* _PROBLEM STATEMENT_:
Copy the data below exactly. Any pictures in it should be omitted.

* _INFORMATION PROVIDED_:
▬▬▬▬▬▬
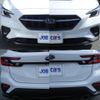 subaru levorg 2024 CFJ1668291 image 7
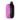 IGET Moon K5000 Pomegranate Kiwi Ice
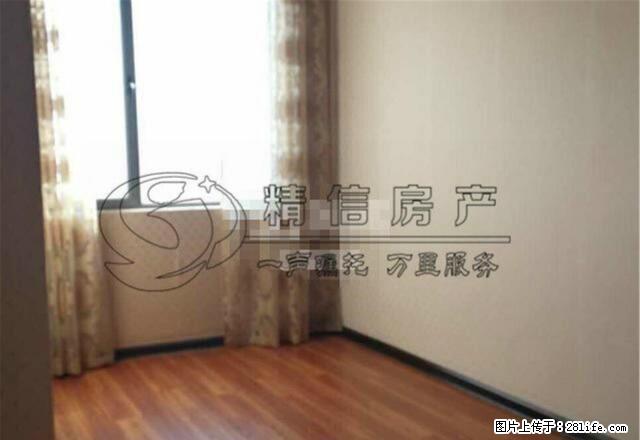 阳光丽景湾 高档小区 市中心繁华地段 - 房屋出租 - 房屋租售 - 天水分类信息 - 天水28生活网 tianshui.28life.com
▬▬▬▬▬▬
* _SOLUTION TO THIS TASK_:
 subaru levorg 2024 CFJ1668291 image 7
 IGET Moon K5000 Pomegranate Kiwi Ice
 阳光丽景湾 高档小区 市中心繁华地段 - 房屋出租 - 房屋租售 - 天水分类信息 - 天水28生活网 tianshui.28life.com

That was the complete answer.